Data extracted from a collection:
-- Opening Marker --

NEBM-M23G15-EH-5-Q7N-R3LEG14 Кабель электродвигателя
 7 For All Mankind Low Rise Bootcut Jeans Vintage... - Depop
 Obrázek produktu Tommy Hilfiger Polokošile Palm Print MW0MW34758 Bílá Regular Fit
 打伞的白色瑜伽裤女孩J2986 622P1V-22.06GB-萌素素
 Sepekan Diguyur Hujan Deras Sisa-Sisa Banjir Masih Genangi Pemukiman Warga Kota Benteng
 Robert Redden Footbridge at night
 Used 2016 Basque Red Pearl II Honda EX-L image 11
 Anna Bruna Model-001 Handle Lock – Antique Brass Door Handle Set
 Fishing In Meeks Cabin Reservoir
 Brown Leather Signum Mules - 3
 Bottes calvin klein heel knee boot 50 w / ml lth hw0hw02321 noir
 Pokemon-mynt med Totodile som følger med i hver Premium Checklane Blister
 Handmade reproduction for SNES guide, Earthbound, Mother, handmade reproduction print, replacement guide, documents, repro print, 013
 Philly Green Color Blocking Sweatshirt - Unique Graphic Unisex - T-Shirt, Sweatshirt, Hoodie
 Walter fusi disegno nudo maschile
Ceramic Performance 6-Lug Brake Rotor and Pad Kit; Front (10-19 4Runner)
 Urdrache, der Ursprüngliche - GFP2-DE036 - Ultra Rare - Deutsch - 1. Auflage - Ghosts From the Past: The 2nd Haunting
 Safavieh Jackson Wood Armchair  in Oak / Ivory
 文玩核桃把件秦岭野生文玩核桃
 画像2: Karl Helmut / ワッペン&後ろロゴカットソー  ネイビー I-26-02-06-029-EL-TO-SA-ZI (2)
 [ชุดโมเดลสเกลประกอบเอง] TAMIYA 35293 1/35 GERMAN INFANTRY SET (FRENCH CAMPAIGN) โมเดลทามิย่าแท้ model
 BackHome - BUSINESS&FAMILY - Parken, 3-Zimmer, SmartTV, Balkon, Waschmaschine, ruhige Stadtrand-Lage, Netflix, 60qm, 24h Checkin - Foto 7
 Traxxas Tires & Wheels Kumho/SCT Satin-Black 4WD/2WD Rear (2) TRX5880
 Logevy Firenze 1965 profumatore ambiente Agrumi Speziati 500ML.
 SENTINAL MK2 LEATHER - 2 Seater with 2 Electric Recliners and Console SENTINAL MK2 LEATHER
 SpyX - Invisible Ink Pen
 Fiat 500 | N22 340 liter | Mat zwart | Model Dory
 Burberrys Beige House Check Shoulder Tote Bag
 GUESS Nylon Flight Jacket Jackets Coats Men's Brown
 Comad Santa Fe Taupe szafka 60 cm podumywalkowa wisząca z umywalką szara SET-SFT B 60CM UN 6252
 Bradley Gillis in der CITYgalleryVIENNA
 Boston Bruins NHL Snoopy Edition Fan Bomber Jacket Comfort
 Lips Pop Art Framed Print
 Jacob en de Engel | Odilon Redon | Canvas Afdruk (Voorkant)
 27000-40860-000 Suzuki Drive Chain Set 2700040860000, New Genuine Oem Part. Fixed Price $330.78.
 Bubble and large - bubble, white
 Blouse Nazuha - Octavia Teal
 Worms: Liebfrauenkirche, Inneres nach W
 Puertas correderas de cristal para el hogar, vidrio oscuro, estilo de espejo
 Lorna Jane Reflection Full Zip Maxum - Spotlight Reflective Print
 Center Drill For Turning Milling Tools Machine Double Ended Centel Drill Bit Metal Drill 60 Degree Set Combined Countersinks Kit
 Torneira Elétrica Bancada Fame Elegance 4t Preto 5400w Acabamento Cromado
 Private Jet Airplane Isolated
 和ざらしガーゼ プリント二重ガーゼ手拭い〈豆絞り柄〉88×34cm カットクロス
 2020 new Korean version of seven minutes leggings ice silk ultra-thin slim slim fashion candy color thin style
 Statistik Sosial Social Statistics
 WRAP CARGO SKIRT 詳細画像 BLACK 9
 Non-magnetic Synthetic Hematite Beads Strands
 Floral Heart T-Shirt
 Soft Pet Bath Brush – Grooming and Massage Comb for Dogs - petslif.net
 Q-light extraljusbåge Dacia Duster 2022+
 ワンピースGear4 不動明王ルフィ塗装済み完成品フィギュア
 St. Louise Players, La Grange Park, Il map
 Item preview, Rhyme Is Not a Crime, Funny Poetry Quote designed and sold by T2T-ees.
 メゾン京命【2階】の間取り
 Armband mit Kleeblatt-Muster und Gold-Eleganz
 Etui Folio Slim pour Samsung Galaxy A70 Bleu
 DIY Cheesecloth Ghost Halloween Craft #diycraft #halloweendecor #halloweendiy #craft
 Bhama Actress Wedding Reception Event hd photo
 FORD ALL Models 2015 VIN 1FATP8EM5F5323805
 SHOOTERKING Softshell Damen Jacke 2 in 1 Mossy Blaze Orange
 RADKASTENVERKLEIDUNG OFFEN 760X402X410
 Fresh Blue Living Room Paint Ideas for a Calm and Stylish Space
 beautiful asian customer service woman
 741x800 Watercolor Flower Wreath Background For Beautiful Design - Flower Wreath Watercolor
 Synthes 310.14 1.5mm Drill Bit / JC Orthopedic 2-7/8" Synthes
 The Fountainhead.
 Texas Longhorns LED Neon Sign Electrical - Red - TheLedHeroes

-- Closing Marker --

Exercise:
Give back the entries above exactly as they are, from their first line through the line that contains "Philly Green Color", both included, with nothing else.

Expected output:
NEBM-M23G15-EH-5-Q7N-R3LEG14 Кабель электродвигателя
 7 For All Mankind Low Rise Bootcut Jeans Vintage... - Depop
 Obrázek produktu Tommy Hilfiger Polokošile Palm Print MW0MW34758 Bílá Regular Fit
 打伞的白色瑜伽裤女孩J2986 622P1V-22.06GB-萌素素
 Sepekan Diguyur Hujan Deras Sisa-Sisa Banjir Masih Genangi Pemukiman Warga Kota Benteng
 Robert Redden Footbridge at night
 Used 2016 Basque Red Pearl II Honda EX-L image 11
 Anna Bruna Model-001 Handle Lock – Antique Brass Door Handle Set
 Fishing In Meeks Cabin Reservoir
 Brown Leather Signum Mules - 3
 Bottes calvin klein heel knee boot 50 w / ml lth hw0hw02321 noir
 Pokemon-mynt med Totodile som følger med i hver Premium Checklane Blister
 Handmade reproduction for SNES guide, Earthbound, Mother, handmade reproduction print, replacement guide, documents, repro print, 013
 Philly Green Color Blocking Sweatshirt - Unique Graphic Unisex - T-Shirt, Sweatshirt, Hoodie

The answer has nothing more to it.